James Pollard reports for the Texas Tribune under the headline, "Black Texas farmers were finally on track to get federal aid. The state’s agriculture commissioner is helping stop that." The subhead is, "Sid Miller is challenging a debt relief program that the U.S. Department of Agriculture saw as a way to correct historic discrimination. An advocate for Black Texas farmers says the challenge “pushes us back even further.”
Here's an excerpt that further sums up what's happening under the Republican agriculture commissioner:
Last March, Congress passed a sweeping debt relief program for farmers of color. The culmination of 20 years of advocacy, the law would have provided $4 billion worth of debt relief for loans many of them had taken on to stay afloat while being passed over for financial programs and assistance their white counterparts had an easier time obtaining. Black farmers made up about a quarter of those targeted in the bill.
As agriculture commissioner, Miller leads an agency tasked with “advocat[ing] for policies at the federal, state, and local level” beneficial to Texas’s agriculture sector and “provid[ing] financial assistance to farmers and ranchers,” among other duties. In a statement to The Texas Tribune, Miller called the debt relief program “facially illegal and constitutionally impermissible.”

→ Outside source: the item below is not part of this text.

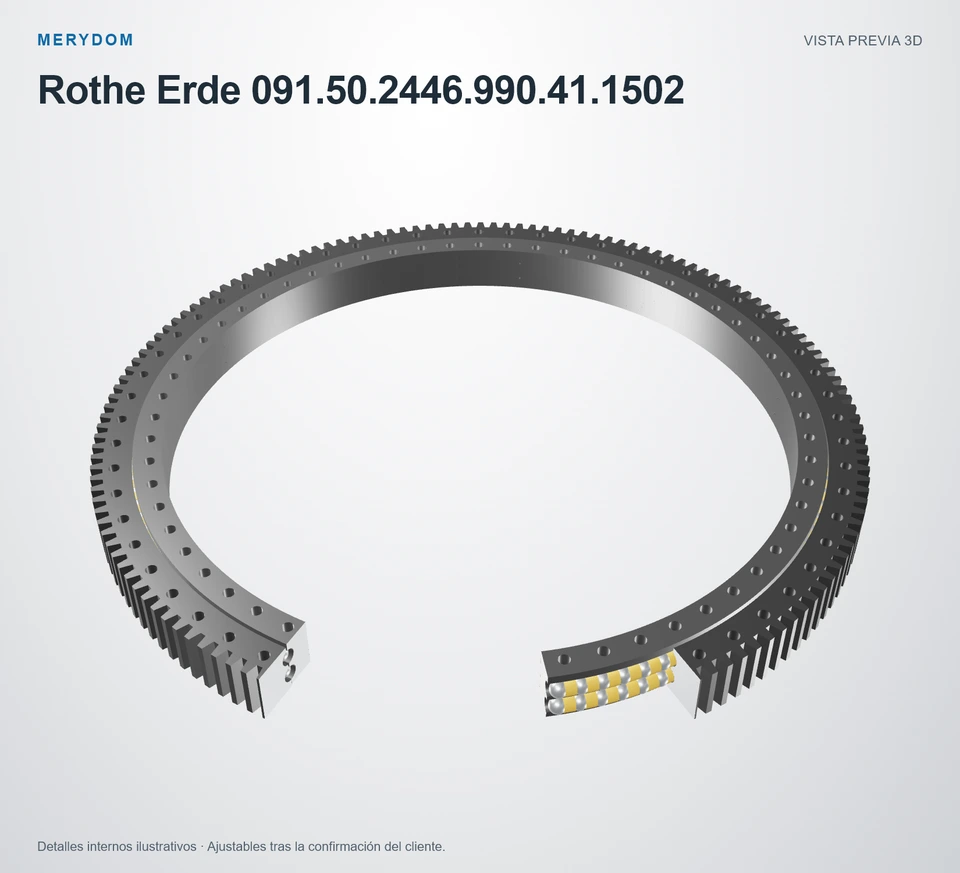 Vista previa del modelo 3D de la corona de giro de sustitución MERYDOM para Rothe Erde 091.50.2446.990.41.1502.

“Such a course will lead only to disunity and discord,” Miller said. “Shame on the Biden Administration for authorizing a program it knows was unambiguously illegal, instead of enacting a proper relief bill that complies with the laws and constitution of the United States.”

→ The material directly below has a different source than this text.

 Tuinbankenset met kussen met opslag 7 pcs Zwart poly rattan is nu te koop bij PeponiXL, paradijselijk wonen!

But advocates of the program saw it as an attempt to make Black farmers whole after years of USDA discrimination.
USDA press secretary Kate Waters told the Tribune that she couldn’t comment on ongoing litigation. She added the agency is establishing an equity commission of about 30 non-USDA employees to help identify how the USDA can eliminate structural barriers to various programs.
“There is a long history of racism at USDA. It’s a lot to unpack,” Waters said. “We’re on the case and we’re here to regain trust.”